Work request :: Only the lines from the one that contains "Footage shows person" to the last line below, both included, should be transcribed. Pictures stay out of the copy.

Source material ::

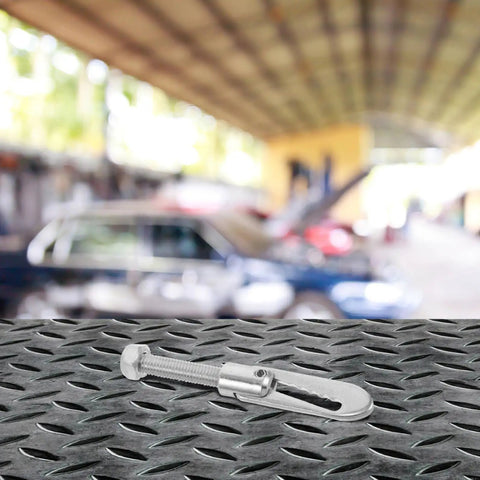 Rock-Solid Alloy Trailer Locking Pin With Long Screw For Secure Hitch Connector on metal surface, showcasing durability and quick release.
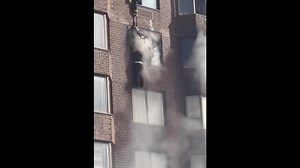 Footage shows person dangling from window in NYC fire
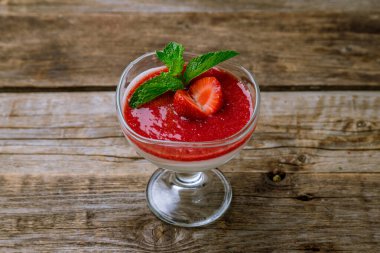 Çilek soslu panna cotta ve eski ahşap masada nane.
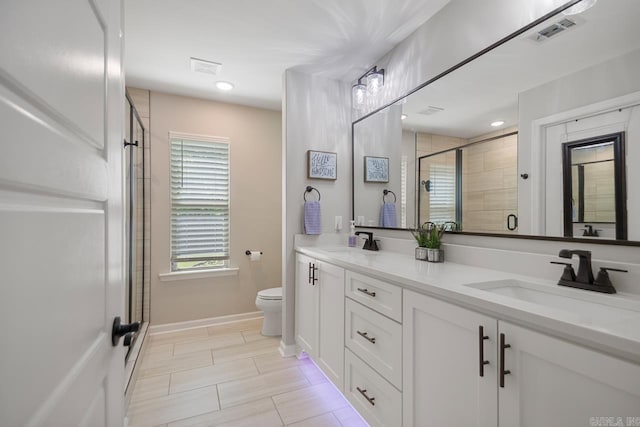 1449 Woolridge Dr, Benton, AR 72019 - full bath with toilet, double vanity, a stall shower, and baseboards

Task result ::
 Footage shows person dangling from window in NYC fire
 Çilek soslu panna cotta ve eski ahşap masada nane.
 1449 Woolridge Dr, Benton, AR 72019 - full bath with toilet, double vanity, a stall shower, and baseboards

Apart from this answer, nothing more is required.